TINDAK PIDANA KHUSUS PENCUCIAN UANG
Diajukan untuk memenuhi salah satu tugas mata kuliah Tindak Pidana Khusus
Dosen Pengampu : Aryo Fadlian, S.H., M.H.
Di susun oleh
Annita Febriani Kusumah Putri 1910631010188
Selvy Cahya Safitri 1910631010053
Muhamad Rizki Ananda 1910631010241
Faiz Robiul Ahad 1910631010208
Fathurrahman Naufal 1910631010214
Muhammad Baharuddin Khalaf 1910631010037
Kelas 3 G
UNIVERSITAS SINGAPERBANGSA KARAWANG
Jln. HS. Ronggo Waluyo Desa Puseurjaya Kecamatan Teluk Jambe Timur Kabupaten Karawang Jawa Barat
2019
TINDAK PIDANA KHUSUS PENCUCIAN UANG (MONEY LAUNDERING)

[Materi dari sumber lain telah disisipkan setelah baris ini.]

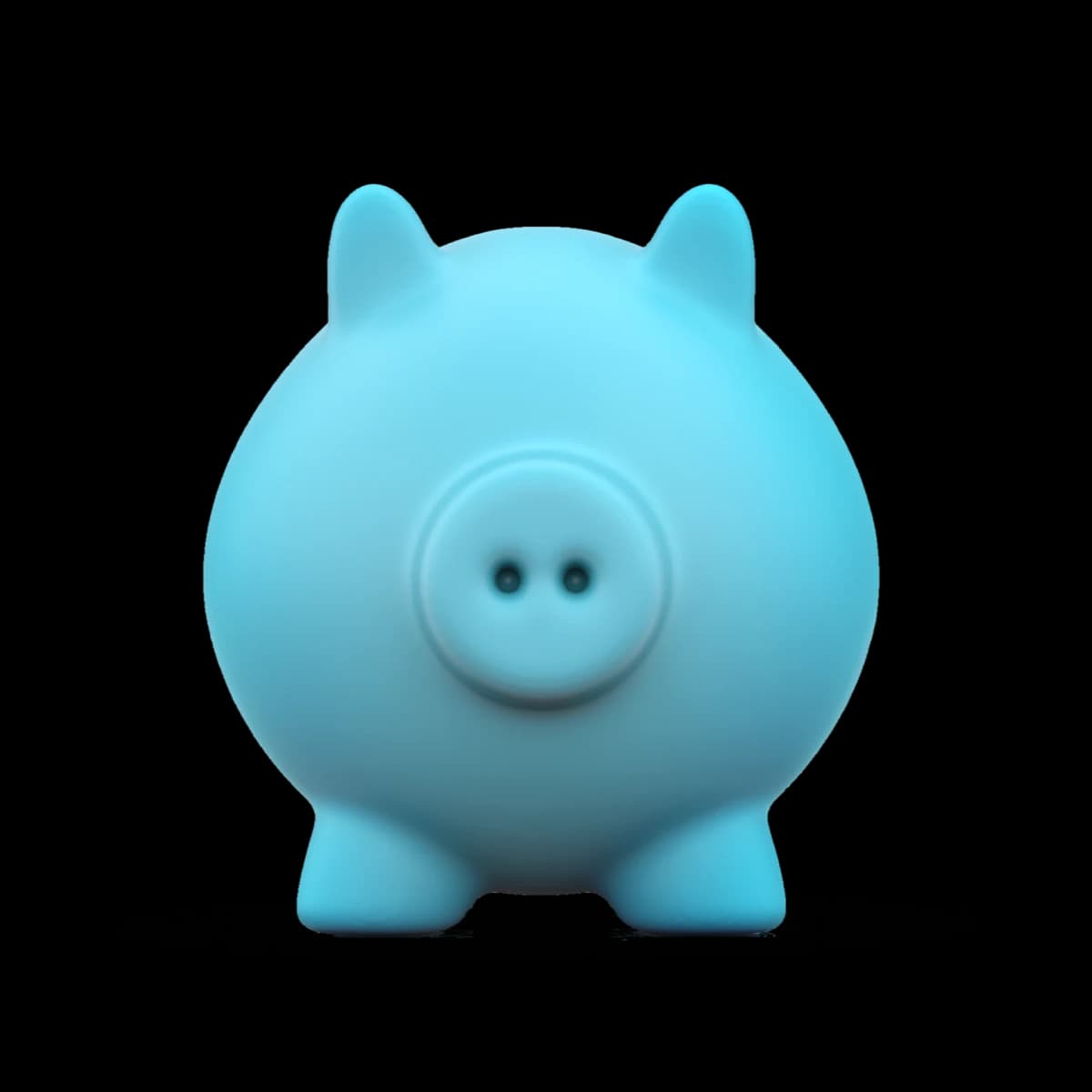 3D render van een spaarvarken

1. Definisi Tindak Pidana Pencucian Uang
Sampai saat ini, tidak atau belum ada definisi yang universal dan komprehensif mengenai apa yang dimaksud dengan tindak pidana pencucian uang atau money laundering, Prof. Dr. Sutan Remy Sjahdeini menggarisbawahi, dewasa ini istilah money laundering sudah lazirn digunakan untuk menggambarkan usaha-usaha yang dilakukan oleh seseorang atau badan hukum untuk mekgalisasi uang "kotor", yang diperoleh dari hasil tindak pidana (Sjahdeini: 2004). Dalam Black's Law Dictionary karya Henry Campbell Black (1990), money laundering didefinisikan sebagai berikut. “Term used to describe investment or other transfer of money flowing from racketeering, drug transaction, and other illegal sources into legal channels so that its original source cannot be traced."

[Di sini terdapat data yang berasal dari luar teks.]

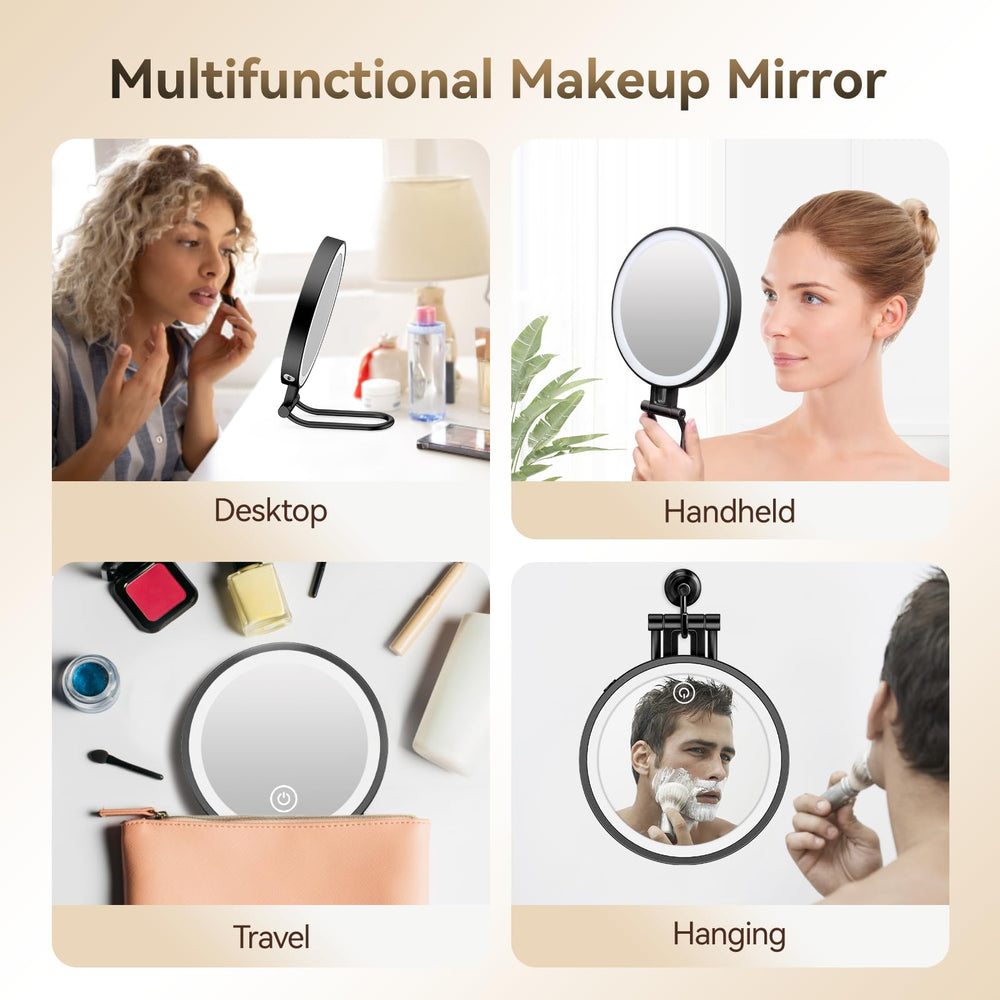 IMIKONA travel mirror portable design suits travel and vanity setups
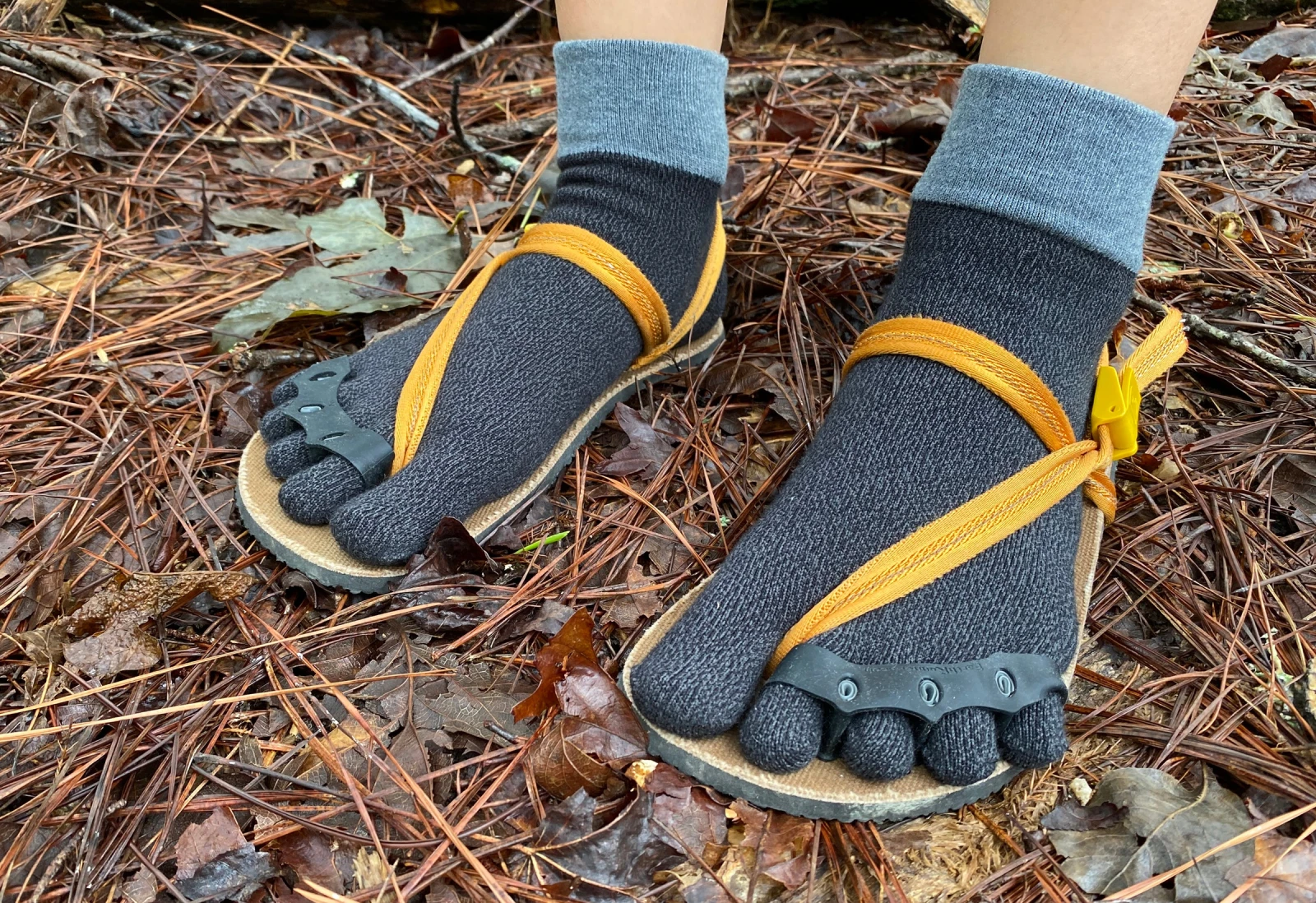 Носки Earth Runners Toe Socks, фото 5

Ada beberapa pengertian lain dari money laundering yang penulis himpun dari berbagai sumber. Money laundering, menurut Sarah N. Welling (1992) :
"Money laundering is the process by which one conceals the existence, illegal source, or illegal application of income, and then disguises that income to make it appear legitimate".
(Pencucian uang adalah proses di mana seseorang menyembunyikan keberadaan sumber (pendapatan) ilegal atau aplikasi pendapatan ilegal dan kemudian menyamarkan sumber (pendapatan) tersebut agar terlihat seperti sesuai dengan aturan atau hukum yang berlaku).

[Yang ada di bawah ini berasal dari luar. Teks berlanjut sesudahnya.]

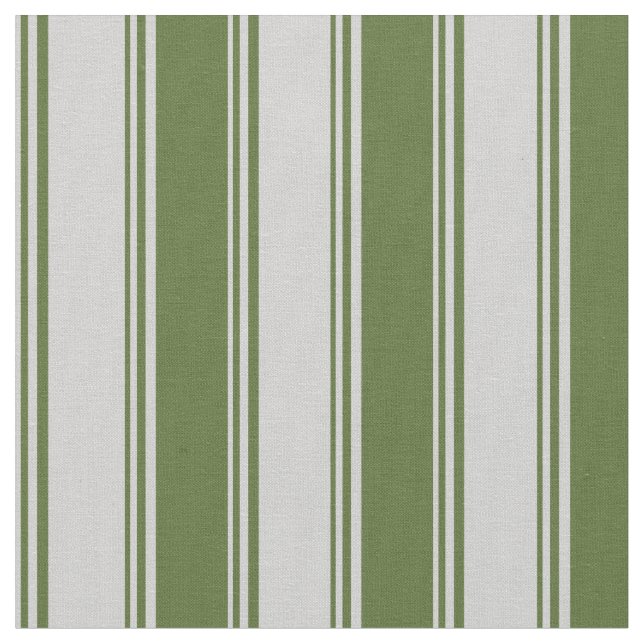 Tecido Cinzas claras e padrão verde-oliva escuro (Detalhe)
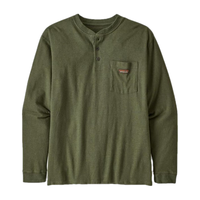 Patagonia/巴塔哥尼亚 舒适 男士T恤 S 码(60-70kg)适合胸围89-94cm Industrial Green (INDG)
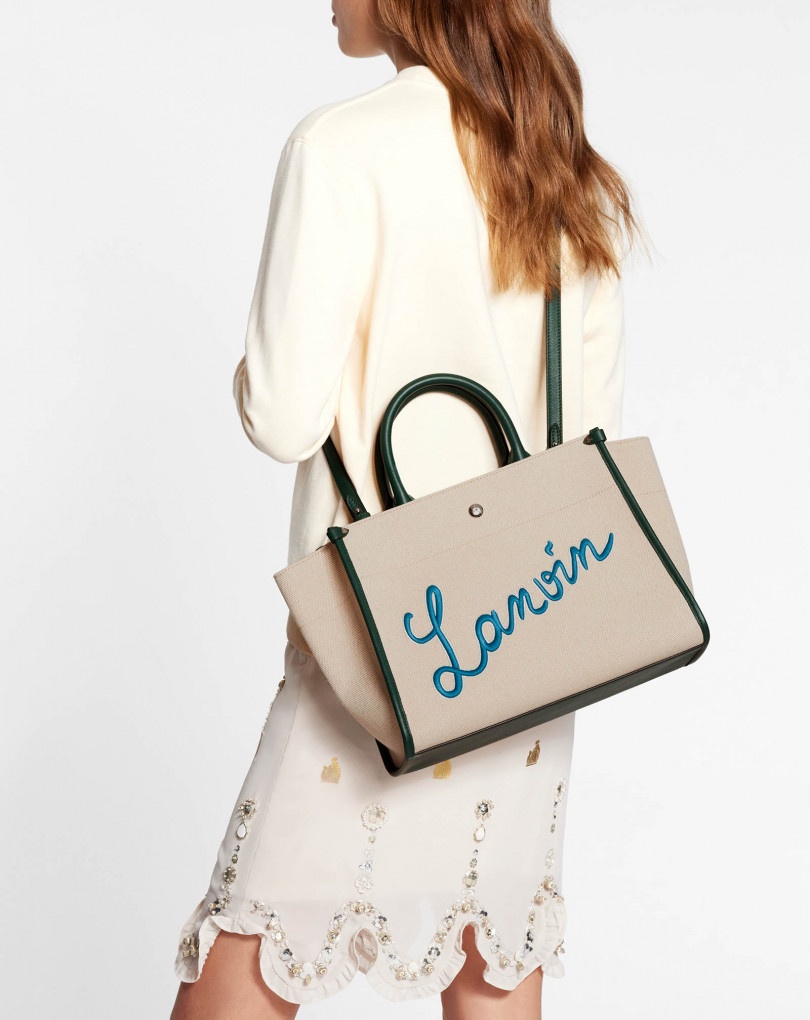 EMBROIDERED CANVAS IN&OUT BAG SM - 3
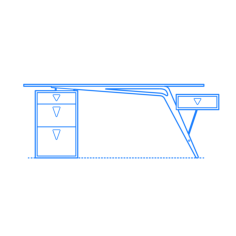 Furniture Desks Jetson Glass Top Desk Icon Svg Vector, Free Vectors File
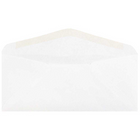 JAM Paper Enveloppes format livret à rabat commercial gommé, 4 1/2 x 10 3/8 po, blanches, 1000 par paquet-Taille : nº 11 (4 1/2 po x 10 3/8 po)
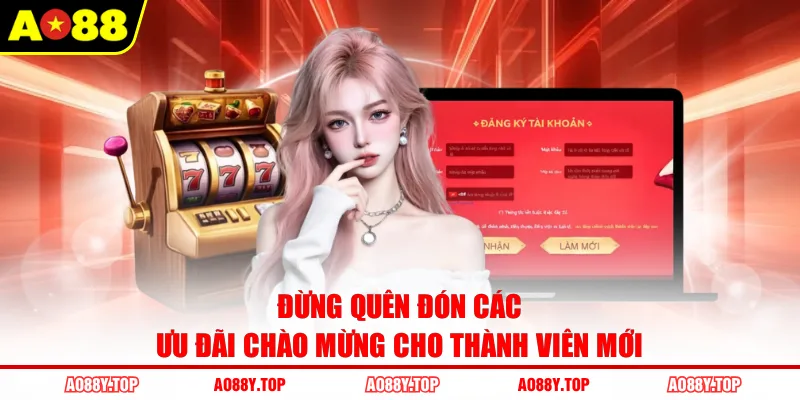 Đừng quên đón các ưu đãi chào mừng cho thành viên mới
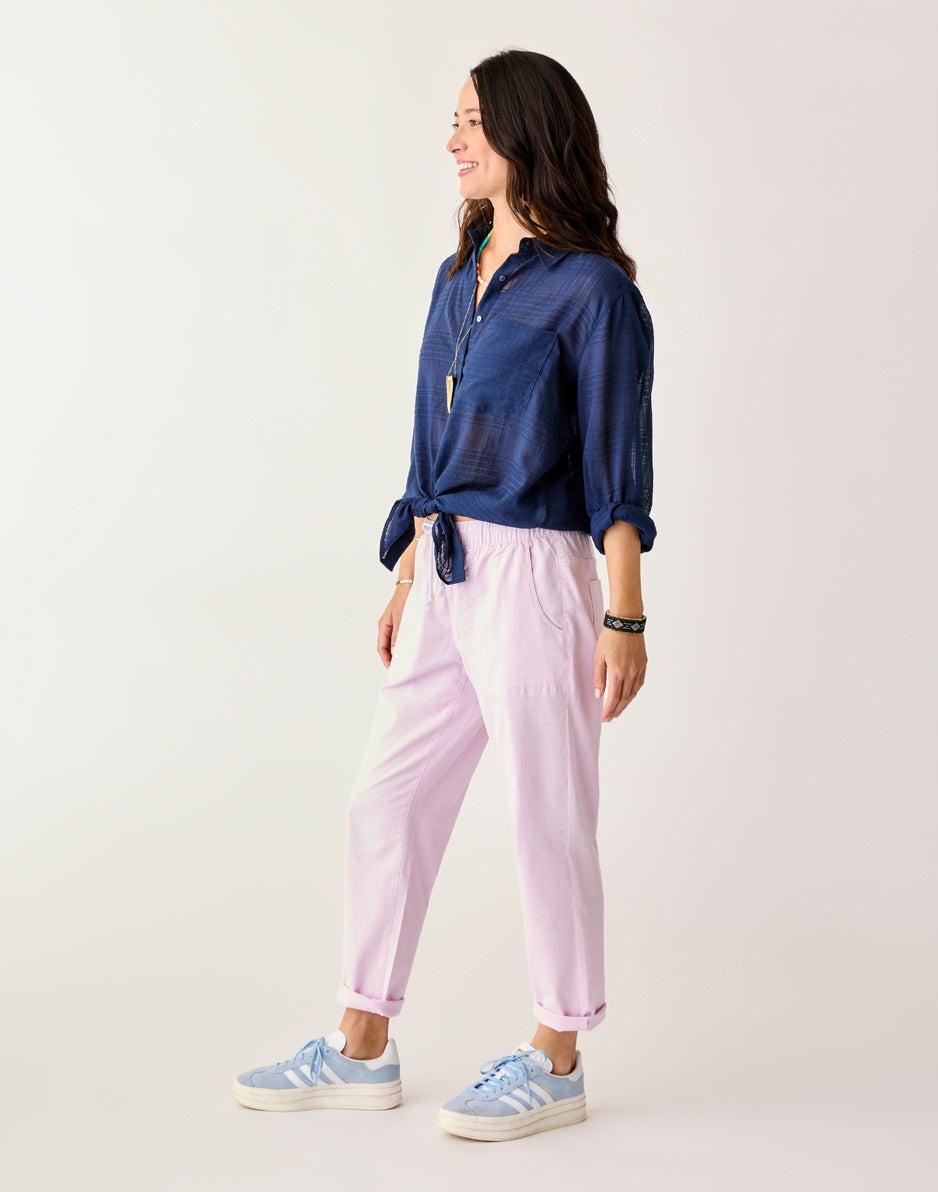 Carve Designs Zoe Twill Pant: Dawn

Dalam definisi David Fraser (1992):
"Money laundering is quite simply the process through which 'dirty’ money (proceeds of crime), is washed through ‘clean’ or legitimate sources and enterprises so that the ‘bad guys’ may more safely enjoy their ill' gotten gains".
(Pencucian uang kurang lebih adalah proses di mana uang 'kotor' (hasil dari tindak pidana) dicuci menjadi "bersih" atau uang kotor yang dibersihkan melalui suatu sumber hukum dan perusahaan yang legal sehingga 'para penjahat' dapat dengan aman menikmati hasil jerih payah tindak pidana mereka).
Departemen Perpajakan Amerika Serikat (1960) mendefinisikan pencucian uang sebagai berikut.
"Pencucian uang adalah sebuah kegiatan memproses uang, yang secara akal sehat dlpercayai berasal dari tindakan pidana, yang dialihkan, ditukarkan, diganti, atau disatukan dengan dana yang sah, dengan tujuan untuk menutupi ataupun mengaburkan asal sumber, disposisi, kepemilikan, pergerakan, ataupun kepemilikan dari proses tersebut. Tujuan dari proses pencucian uang adalah membuat dana yang berasal dari atau diasosiasikan dengan, kegiatan yang tidak jelas menjadi sah."
Mengacu pada sejumlah definisi tindak pidana pencucian uang di atas teriihat jelas, walaupun terdapat persamaan tentang unsur adanya uang hasil dari tindak pidana, unsur-unsur lainnya dari tindak pidana pencucian uang memiliki perbedaan.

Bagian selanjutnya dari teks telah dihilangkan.